YOUR TASK> An exact transcription is needed, starting at the line containing "22 Geer Ave, Utica, NY 13051" and running through the last line of the records, with every picture left out.

ENTRIES SUPPLIED>
:::::

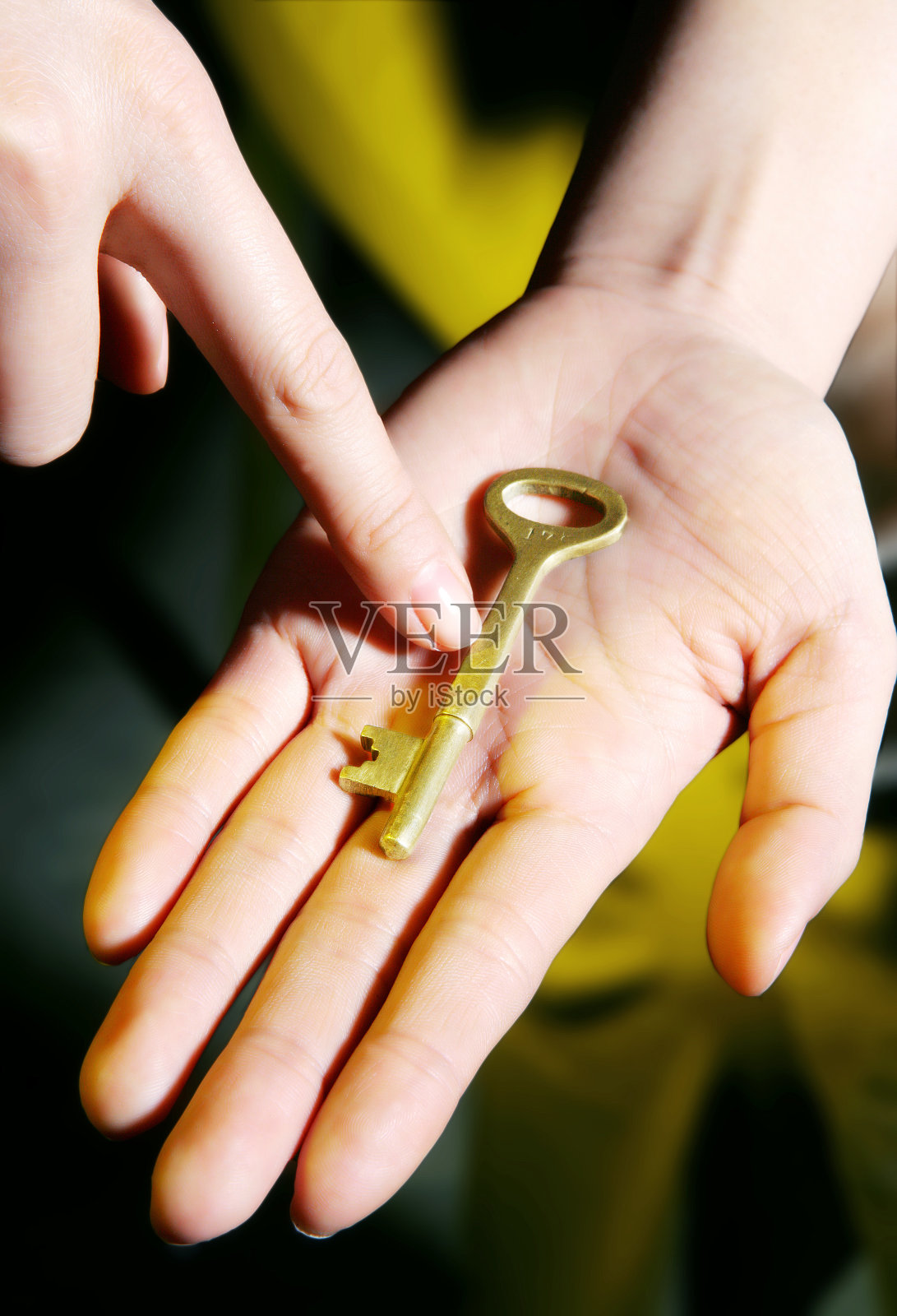 手捧钥匙照片摄影图片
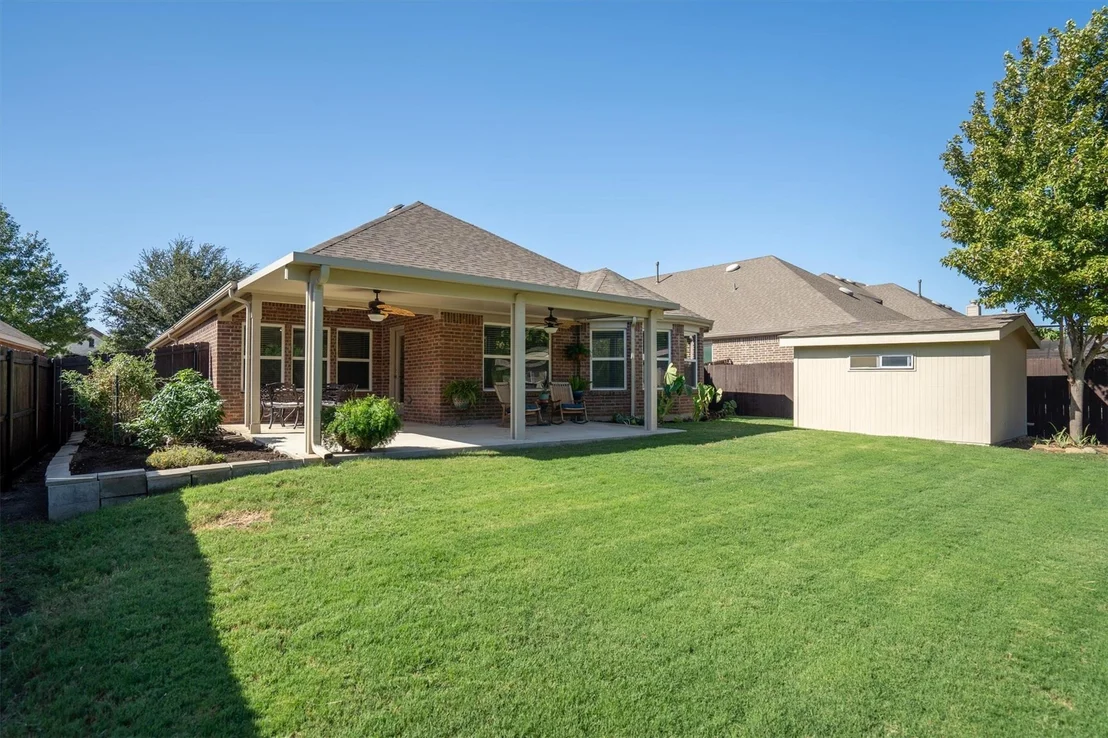 Photo of 6424 Roaring Creek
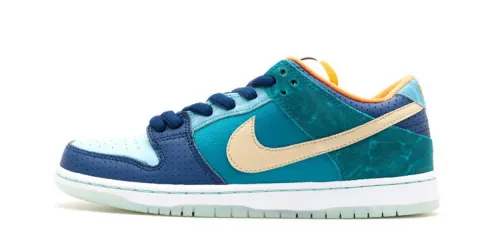 Nike SB Dunk Low MIA Skate Shop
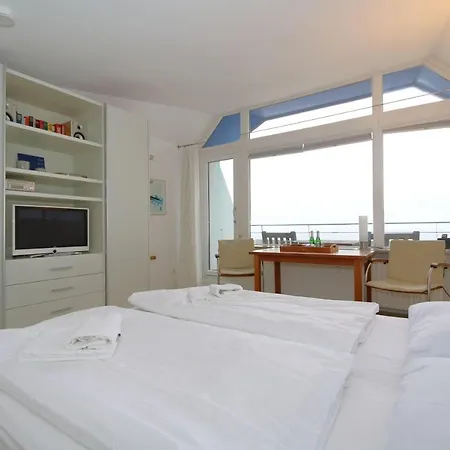 Haus-am-meer-159-wb * Westerland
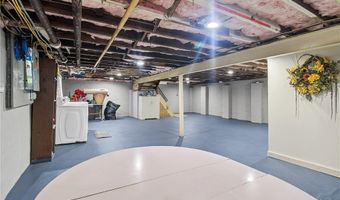 22 Geer Ave, Utica, NY 13051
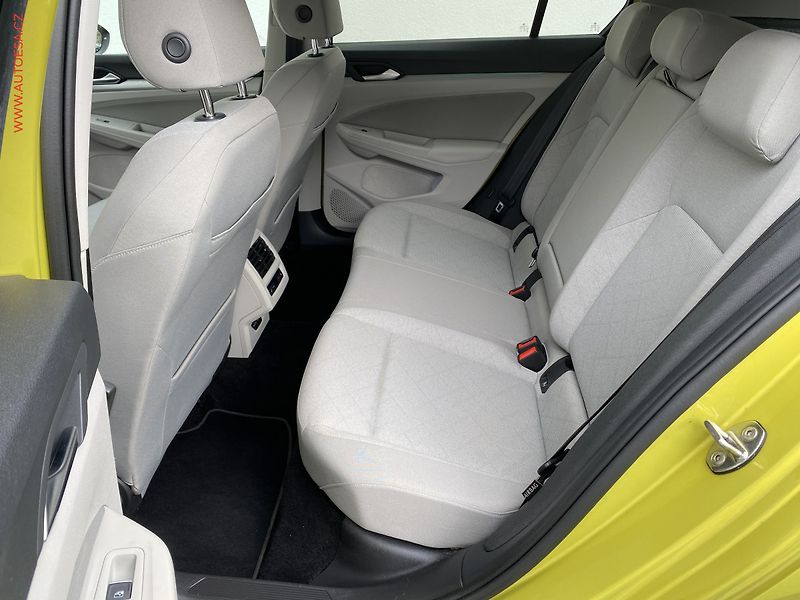 Volkswagen Golf (2020) 2.0 TDi, Life, DSG, šíbr - fotka 10 z 19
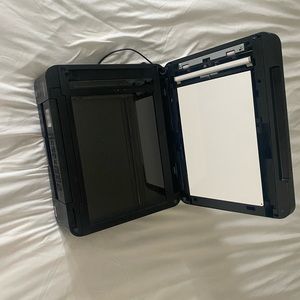 Full functioning printer. Wireless or US option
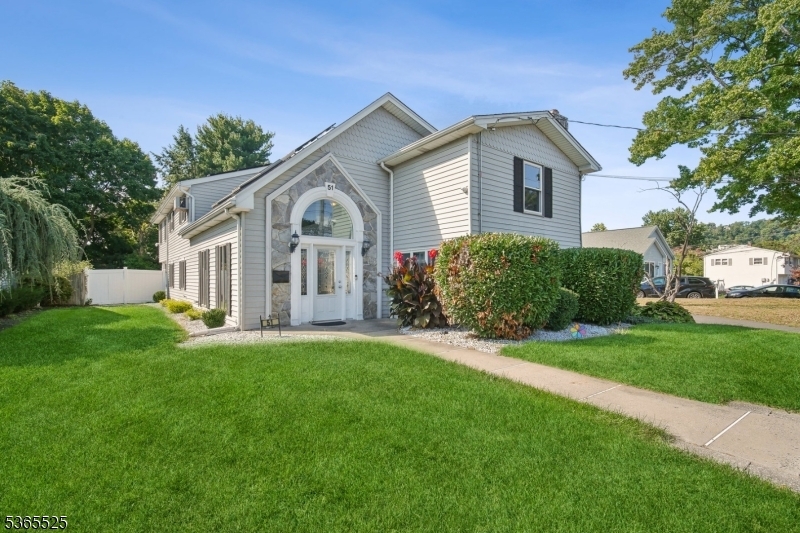 51 Greenbrook Rd  Middlesex Boro NJ 08846 photo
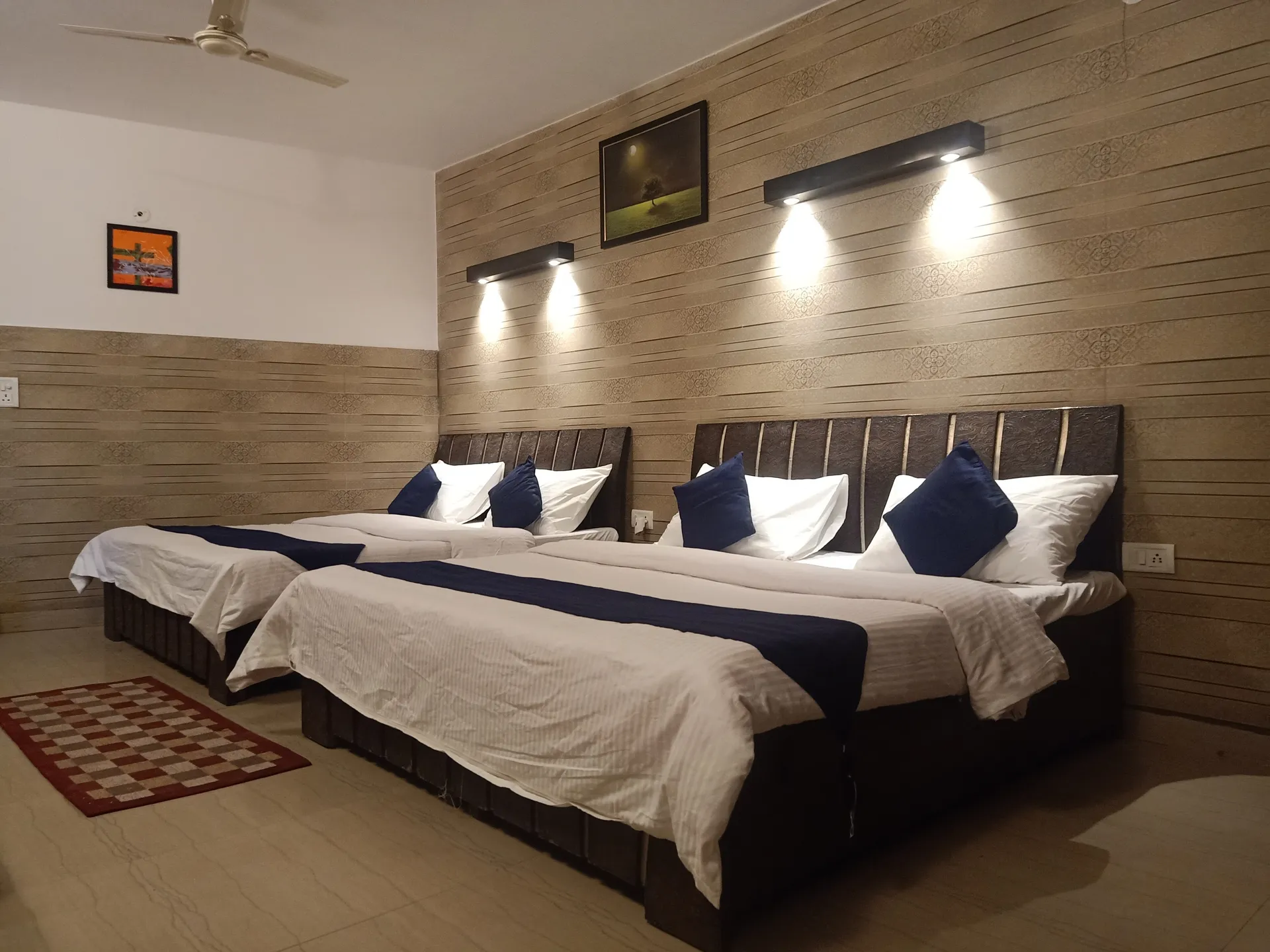 CEYONE CLASSIC FALL RESORT Room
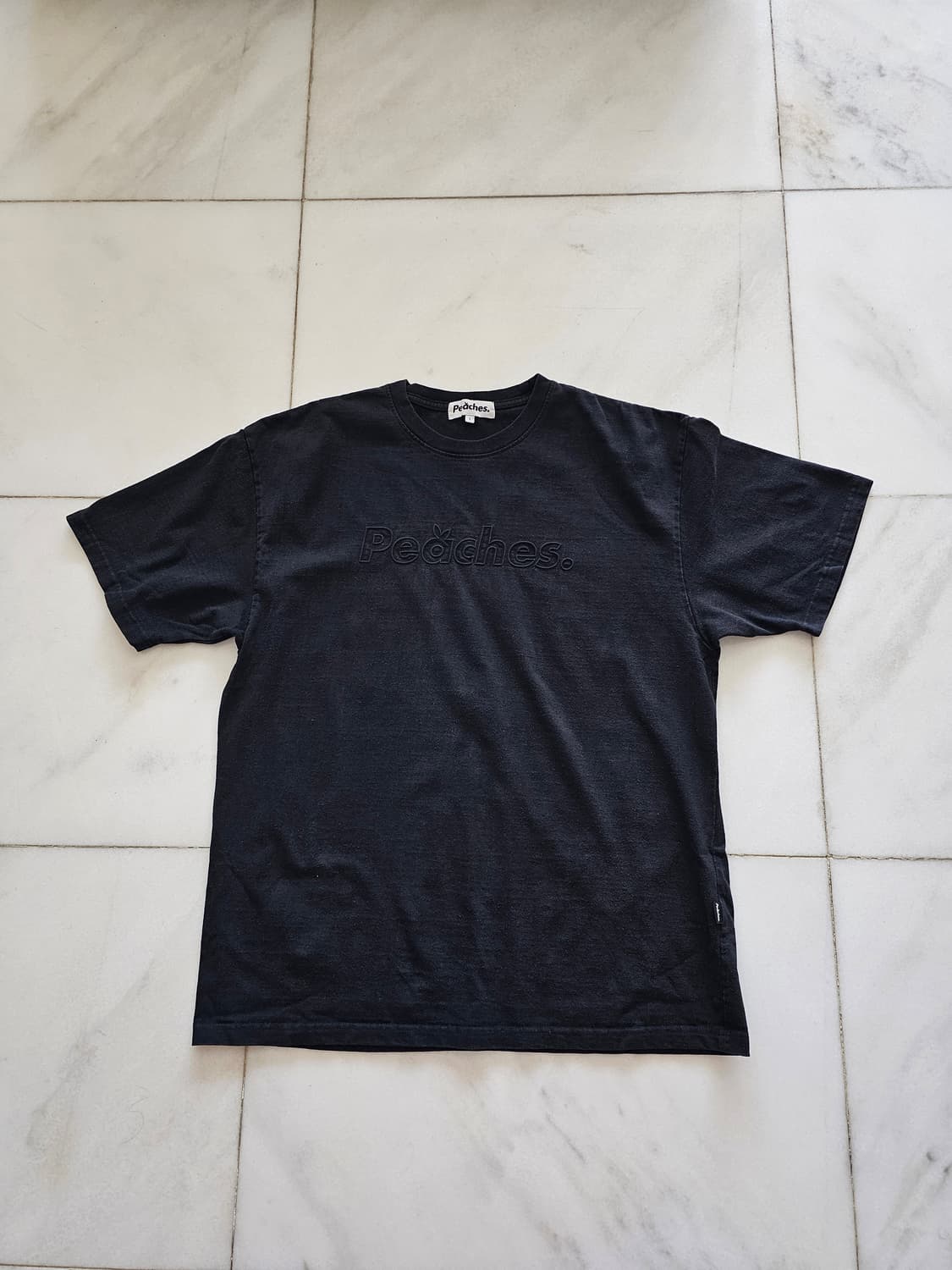 Peaches 피치스 블랙 로고 반팔티 L
 상품이미지1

:::::

SOLVED EXERCISE>
 22 Geer Ave, Utica, NY 13051
 Volkswagen Golf (2020) 2.0 TDi, Life, DSG, šíbr - fotka 10 z 19
 Full functioning printer. Wireless or US option
 51 Greenbrook Rd  Middlesex Boro NJ 08846 photo
 CEYONE CLASSIC FALL RESORT Room
 Peaches 피치스 블랙 로고 반팔티 L
 상품이미지1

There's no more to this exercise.